Camus lança “O estrangeiro” em 1942. — Foto: Divulgação
Colonialismo
Ainda que “O estrangeiro” seja visto no mundo como uma metáfora da condição humana, críticos não costumam ignorar o contexto histórico em que foi escrito. A Argélia do livro é a Argélia Colonial em que Camus cresceu. Meursault é um pied-noir, como são chamados os franceses de ascendência europeia instalados no país. Chama a atenção o fato que os árabes do livro não são nomeados e aparecem como meros figurantes da vida dos pieds-noirs. Em “O caso Meursault”, o argelino Kamel Daoud compôs uma resposta pós-moderna e decolonial ao romance. Lançado no Brasil pela Biblioteca Azul, o livro reconstrói o clássico de Camus sob o ponto de vista do árabe assassinado por Meursault. Daoud devolve a identidade do personagem sem nome, assim como o protagonismo argelino.
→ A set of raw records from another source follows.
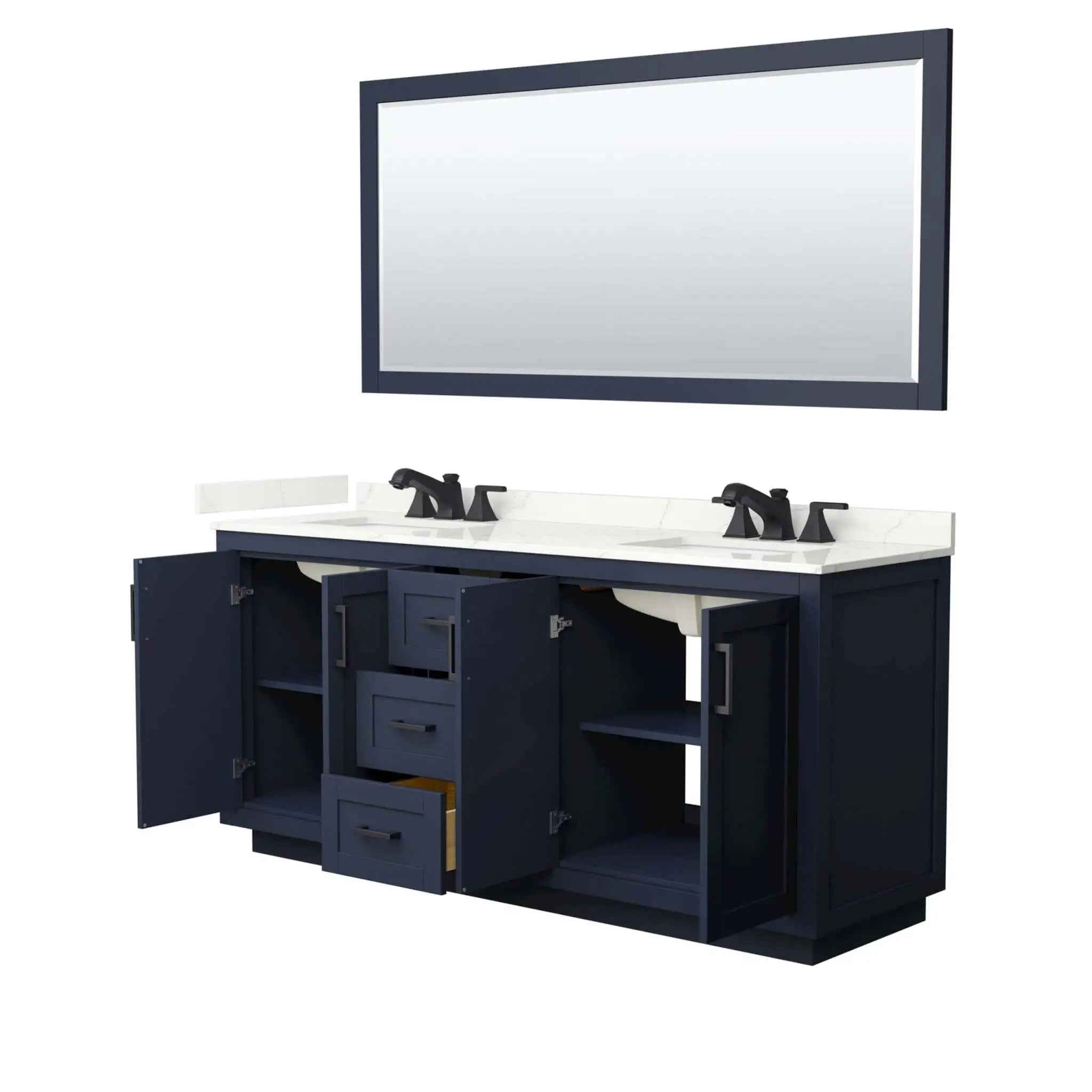 72" Miranda Double Bathroom Vanity in Dark Blue with Matte Black Trim & 70" Mirror by Wyndham
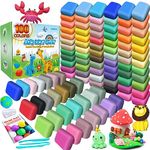 Air Dry Clay 100 Colours, Modelling Clay for Kids, DIY Molding Magic Clay for with Tools, Soft & Ultra Light, Toys Gifts for Age 3 4 5 6 7 8+ Years Old Boys Girls Kids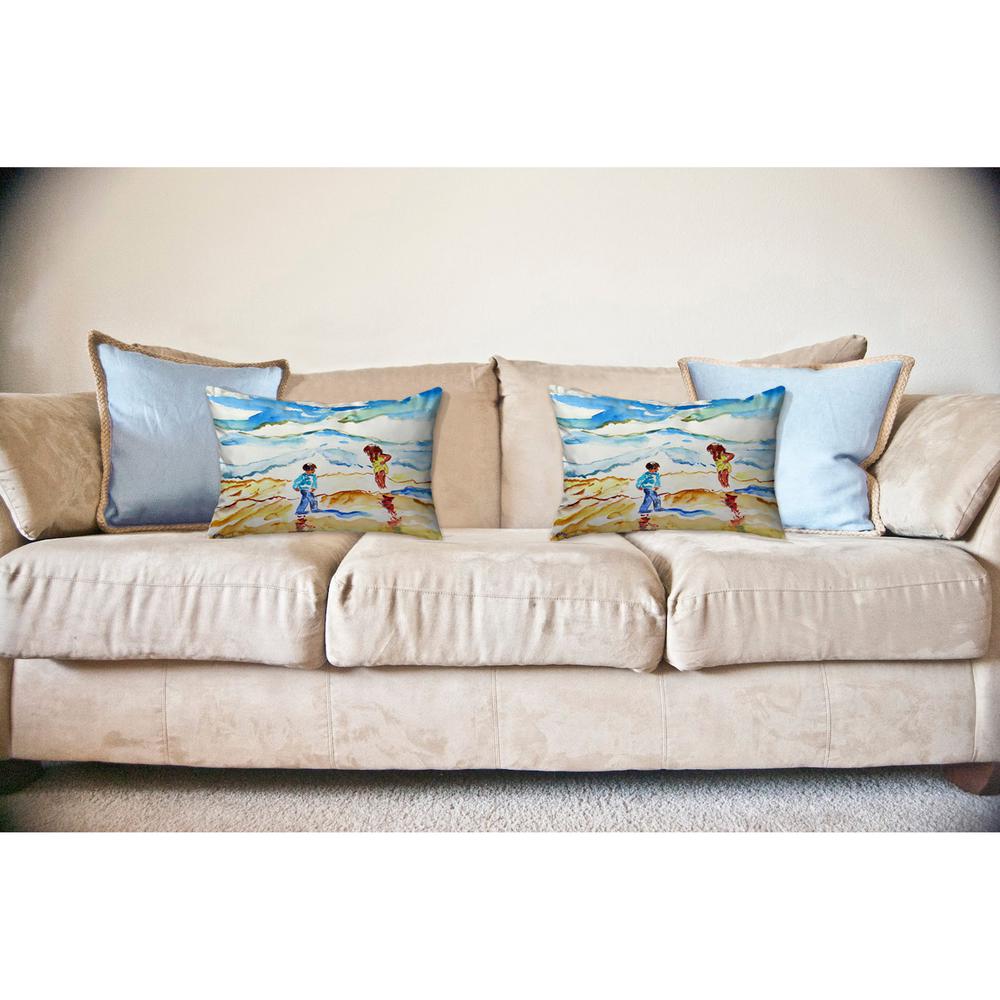 Wading at the Beach No Cord Pillow 16x20. Picture 2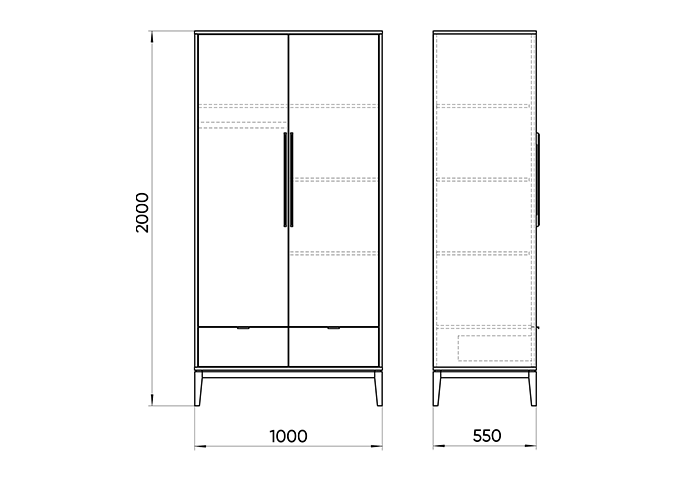 Шкаф Fjord 2-х створчатый (белый)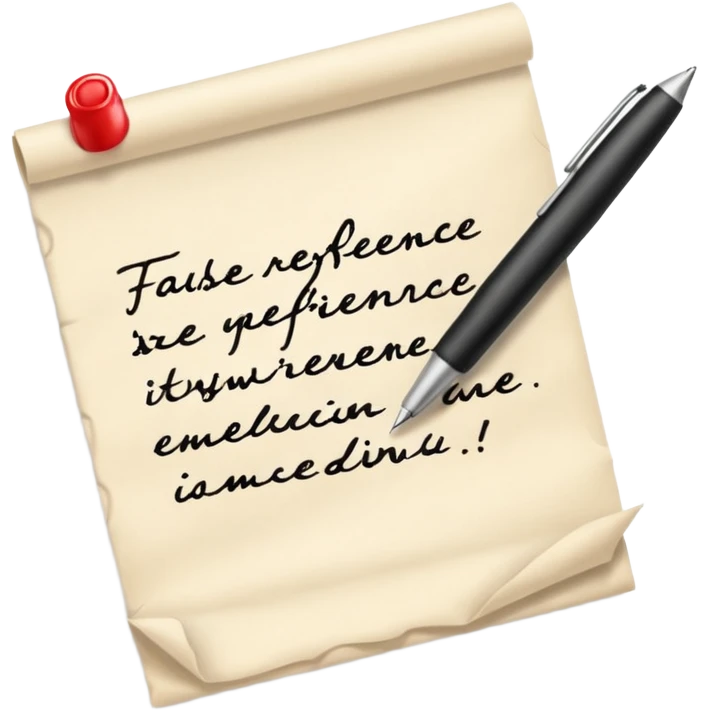 a hand writing 'false reference on a piece of pape emoji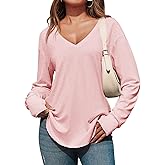 Tankaneo Womens Deep V Neck Tunic Tops Long Sleeve Oversized Casual Loose Fit Curved Hem T Shirts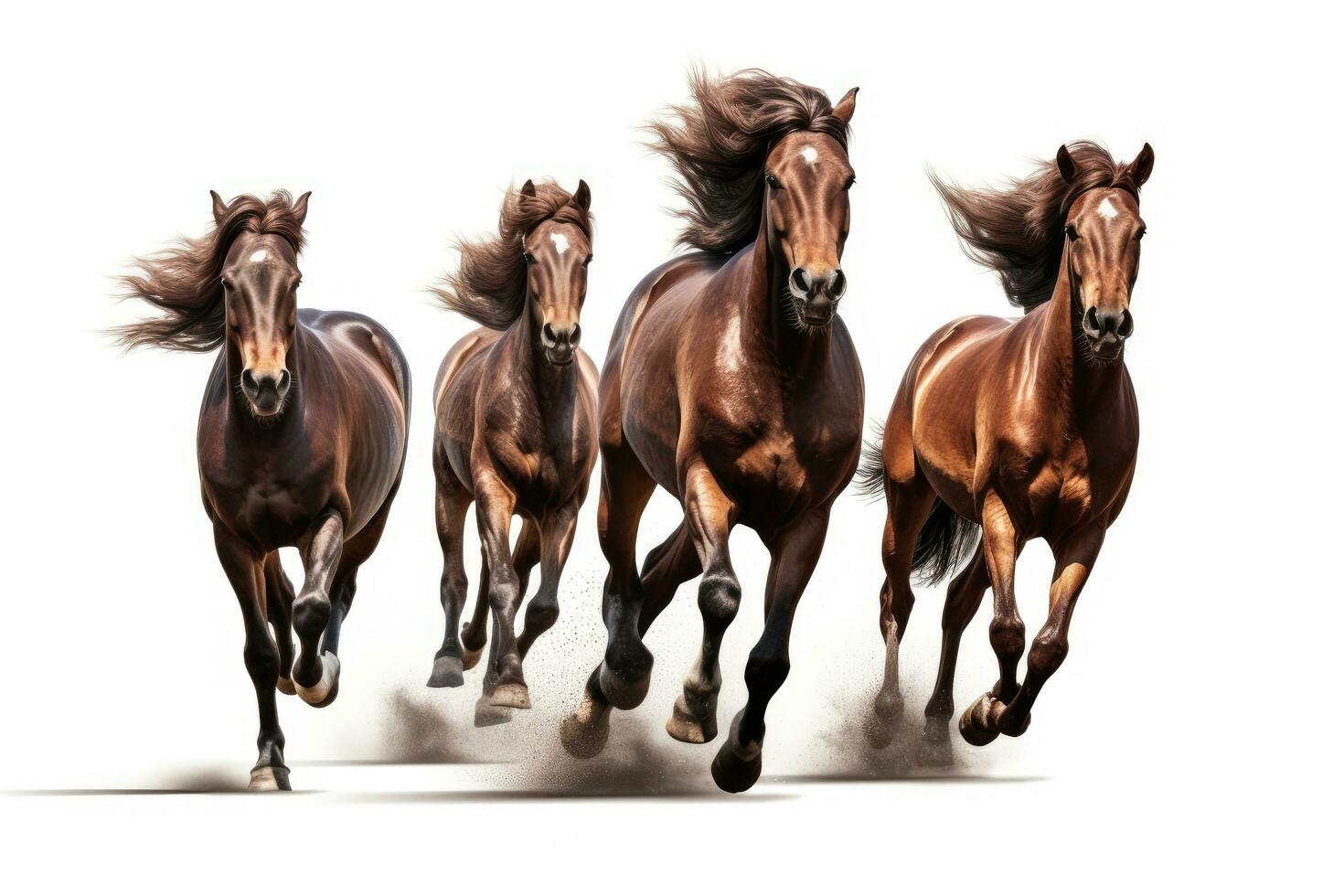 gruppo di baia cavalli in esecuzione nel movimento isolato su bianca sfondo con ombra, cavalli in esecuzione nel diverso posizioni su un' bianca sfondo, lato Visualizza, ai generato foto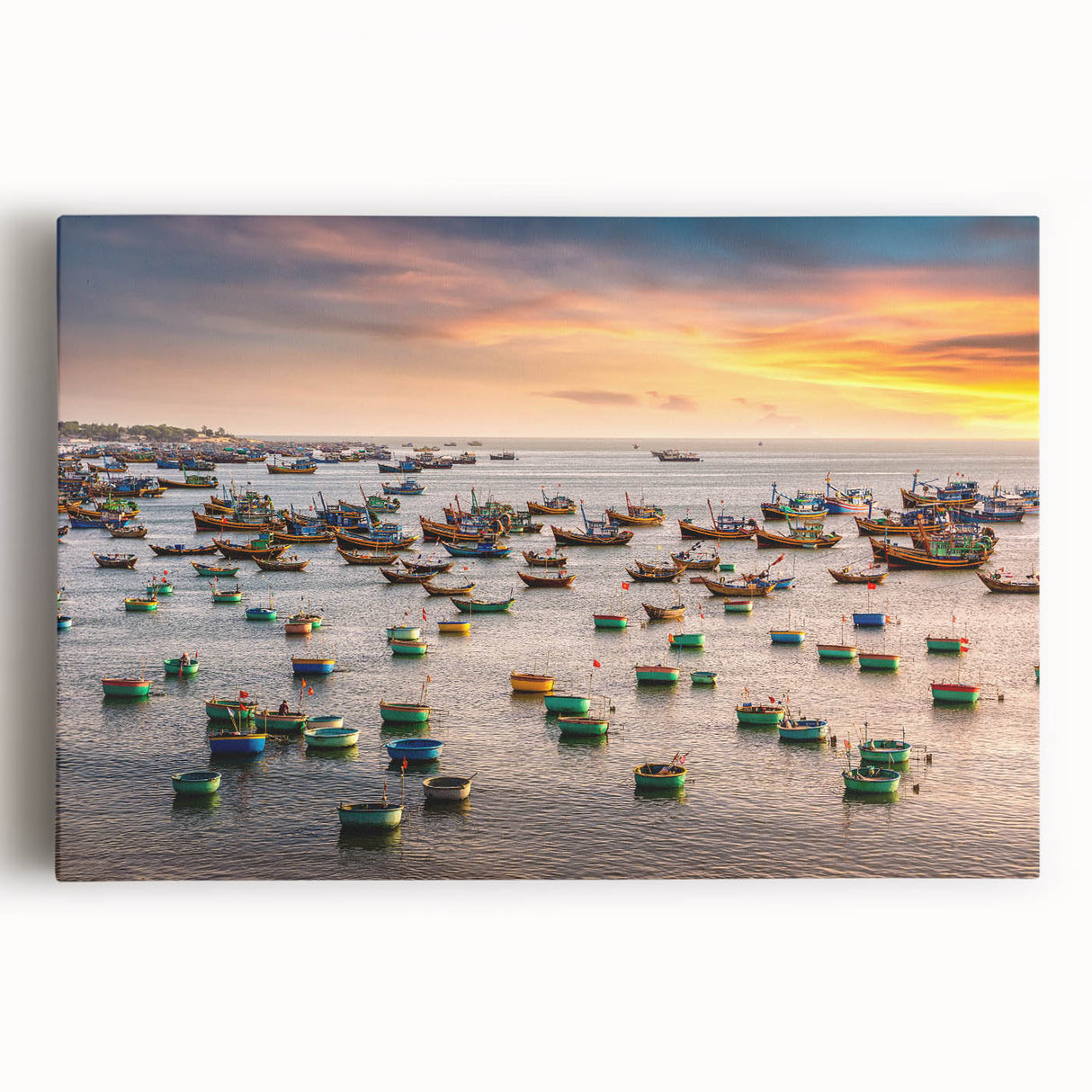 Black and white photograph on canvas of a Vietnamese landscape, ideal for kitchen wall art.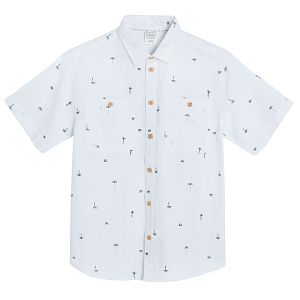 White short sleeve button down shirt with colar and chest pocket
Autora de “Looking for the stranger”, uma biografia de “O estrangeiro”, a americana Alice Kaplan, por sua vez, defende a escolha de Camus; para ela, o escritor não deu nome ao personagem para evidenciar o racismo da sociedade (vale lembrar que o romance é escrito na primeira pessoa). Camus teria sido influenciado pelo romance “The postman always rings twice” (1934), de James M. Cain, em que a vítima é identificada como simplesmente “O Grego”.